Copenhagen Treaty
Clean Skies News will be covering the Copenhagen climate change conference in Copenhagen, Denmark. The Copenhagen summit is a conference on climate change held by the G20 and UN. Climate Change Conference Copenhagen is meant to be the place where the UN nations arrive at a Copenhagen Protocol much like the Kyoto Protocol, an international agreement created by the United Nations Framework Convention on Climate Change, a global warming conference in 1997.
Kyoto Protocol: History
The major purpose of the Kyoto Protocol was to set binding targets for 37 industrialized countries and the European community for reducing greenhouse gas (GHG) emissions. These reductions amount to an average of five per cent against 1990 levels over the five-year period 2008-2012.
The major distinction between the Protocol and the Convention is that while the Convention encouraged industrialized countries to stabilize GHG emissions, the Protocol commits them to do so.
Recognizing that developed countries are principally responsible for the current high levels of GHG emissions in the atmosphere as a result of more than 150 years of industrial activity, the Protocol places a heavier burden on developed nations under the principle of “common but differentiated responsibilities.” The Kyoto Protocol was adopted in Kyoto, Japan, on 11 December 1997 and entered into force on 16 February 2005. 184 Parties of the Convention have ratified its Protocol to date.
Copenhagen Global Warming Conference
The Copenhagen climate agenda will play host to many events including a series of climate conferences in Copenhagen scheduled for leaders of many of the worlds most powerful nations; a conference on clean energy, conference of the parties, Copenhagen carbon conference, conference on environment studies, conference on ecological studies, Copenhagen Science conference.
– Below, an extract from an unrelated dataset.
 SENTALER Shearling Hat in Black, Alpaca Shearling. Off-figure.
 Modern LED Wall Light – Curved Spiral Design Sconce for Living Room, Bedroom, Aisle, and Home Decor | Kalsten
All meetings aim to help achieve a final Copenhagen climate treaty.
CleanSkies.com will bring you all the Copenhagen Climate Conference News as well as any news surrounding a Copenhagen Treaty. Clean Skies News will provide a daily Copenhagen Report from the global climate change conference Copenhagen detailing each day's events, including interviews, recaps of debates and discussions from the UN climate conference.
Many heads of state will not be attending the UN Copenhagen Climate Conference. The Copenhagen Conference December 7 - 18, 2009 is the major event of the global climate change season. Although most governments don't expect there to be a binding Copenhagen Climate Treaty, there is still hope that from the Climate Conference in Copenhagen a foundation will be laid on which to build future progress by nations pushing for a global climate treaty.